Tax the rich, give to the poor! Tax the gas-guzzling SUVs of the rich, and give the money to the poor! Or, at very least, give the revenue in the form of tax breaks to independent and corporate organizations attempting to make alternative fuel vehicles. In theory, it seems like an excellent idea. However, although a higher gas tax may seem like a pro-environmentalist policy and superficially progressive in its political tenor and tone, in fact a gas tax really functions in its application as a regressive tax, penalizing the poorer rather than the wealthier Americans. It goes contrary to the fair financing of government, one of the philosophical principles of this nation.
Application of Microeconomic Theory -- regressive taxation and economic incentives for changes in consumer behavior through changes in tax policy
Two of the most controversial issues facing American consumers today are what to do about the higher prices of gasoline and how to implement a fair tax system. Today's tax system has often been criticized as unduly regressive, in other words, that it penalizes the poorest members of society rather than the wealthiest. As delineated in the text, Microeconomics Today, in the chapter entitled, "Financing Government: What Is a Fair System of Taxation?" traditional economic conservatives are apt to accept this imbalance, hoping that a greater flow of private wealth into the economy will ultimately prove beneficial, despite the existence of some so-called 'tax breaks' for the rich. Liberals tend to advocate more government spending, and higher tax brackets for the wealthiest of Americans to fund social programs.

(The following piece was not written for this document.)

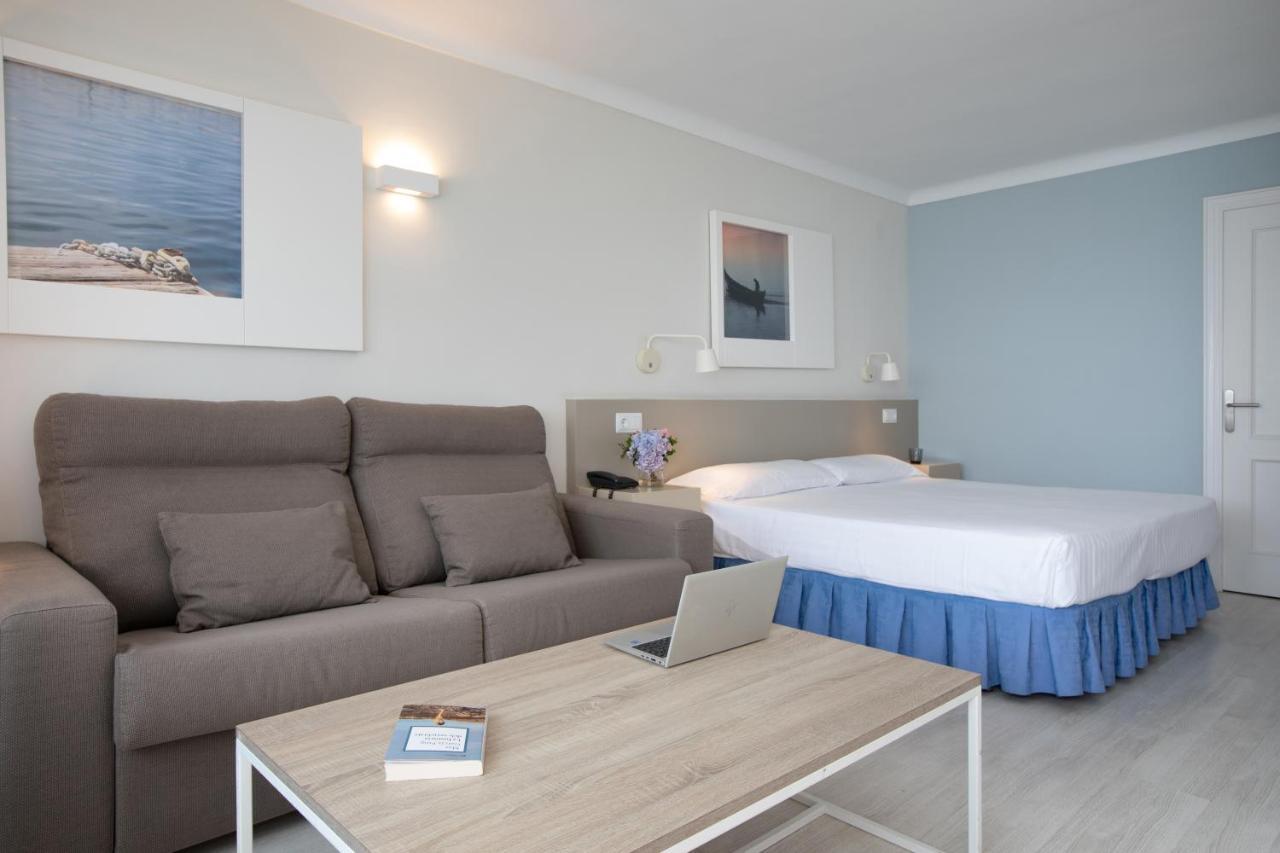 Hotel Prestige Mar Y Sol Rosas酒店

Yet, despite this polarization of liberal and conservative economic theorists in the politics of taxation, liberal economics are also apt to favor higher gasoline taxes as a way of protecting the environment, discouraging the waste of energy resources, and also to encourage corporations to develop alternative sources of fuel and vehicles and appliances that use, for example, electricity rather than gasoline. The argument is that by encouraging consumer demand for alternative fuel vehicles with a higher gas tax, the environment will be better protected, we as a nation will achieve greater long-term independence from foreign oil, and, as noted in the chapter "Dealing with Externalities: How Can We Save the Environment," ultimately a cleaner and healthier environment is better for all workers, consumers, and the long-term future of American businesses.

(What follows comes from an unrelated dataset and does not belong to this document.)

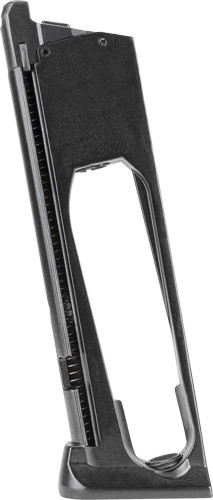 Umarex Extra Mag Ruger Sr1911 - Competition .177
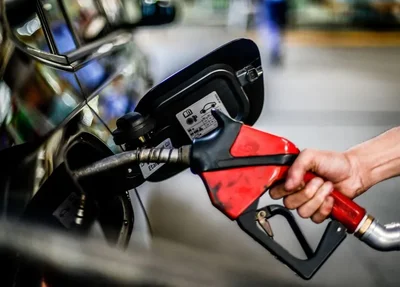 Bomba de gasolina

True, American businesses cannot really afford to be so dependant upon foreign oil as they are at present, particularly American car manufactures. But when considering the issue, one must keep in mind important microeconomic concepts, such as which population such a policy predominantly affects. The tax would be geographically disproportionate, as it would affect areas of the country where public transportation is limited -- mostly rural and Western areas. It would affect businesses negatively in the short-term, even while it might stimulate some businesses to explore alternative fuel sources, as businesses are dependant upon gas-driven trucks to transport goods.

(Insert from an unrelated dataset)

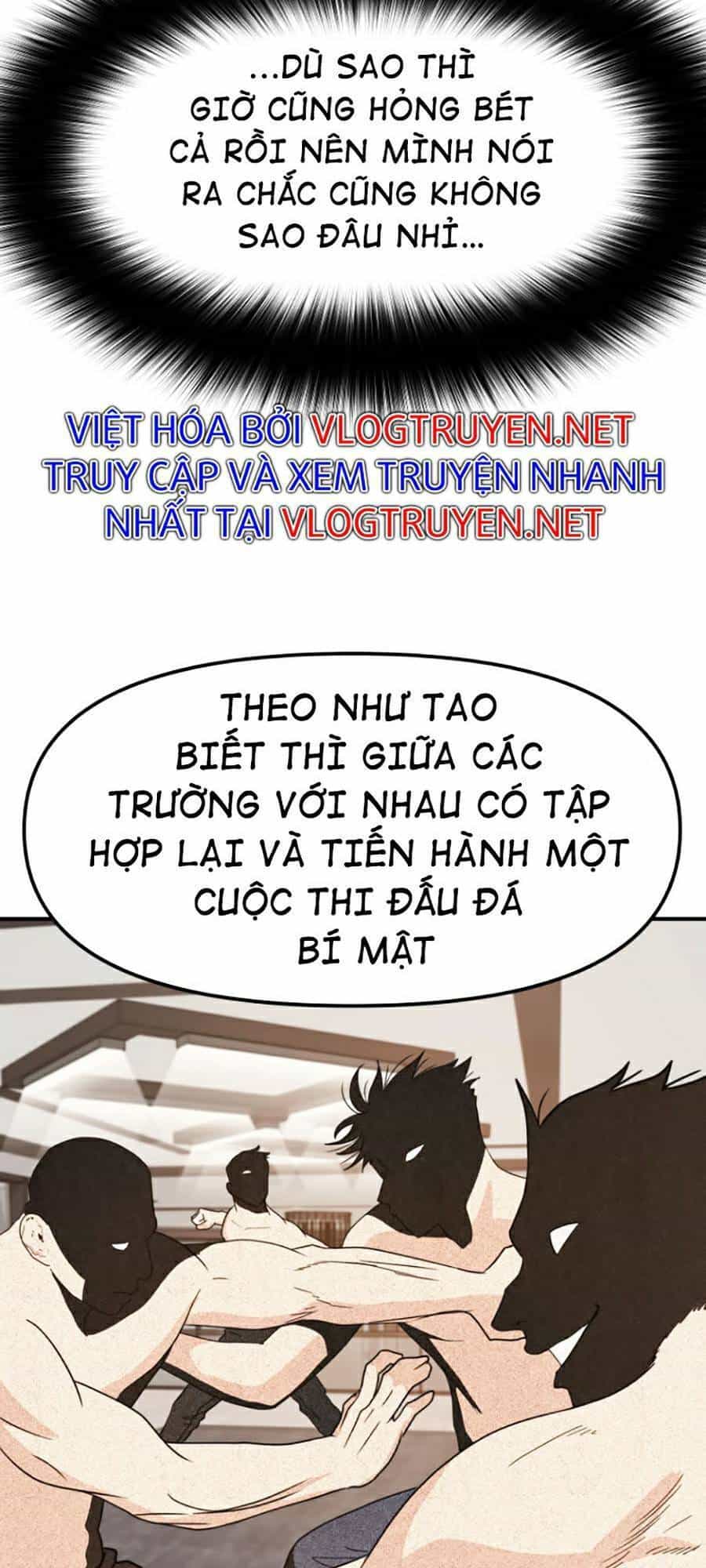 Bạn Trai Vệ Sĩ - Chương 21 - ảnh 87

The added cost to transport would disproportionately affect consumers and businesses counting every penny. Also, consumers would have less money to travel to different places to buy cheaper goods, again affecting the poorer consumer disproportionately to the wealthier consumer.
Assessment of Issue -- gas taxation as a regressive tax on the poor
In fact, the gasoline tax, as evidenced in a 1999 article in Fortune Magazine, is often more popular amongst conservative economists favoring regressive taxes than liberal economists. N. Gregory Mankiw wrote an article entitled "Gas Tax Now!" To defend the implementation of a gas tax on fair taxation grounds. "I've figured out an answer," he wrote, to the problem that "taxes are at a historical high as a percentage of national income, but cutting taxes somehow seems fiscally irresponsible with a tax increase, given the pending Social Security crisis and existing commitments to Medicare and other government annuity programs. Makinw stated: "Let's cut income taxes by 10% and finance it with a 50-cent-per-gallon hike in the gasoline tax." (1999) Although this may seem like a potentially salutary answer to the woes of a financially strapped administration today, one must view with caution the assertion that "by marrying the tax-cutting logic of the Republican right with the environmental concerns of the Democratic left," the gas tax will stimulate new interest in alternative levels of production and fuel the economy if accompanied with tax cuts for businesses and wealthy individuals who will likely spend more with the additional revenue.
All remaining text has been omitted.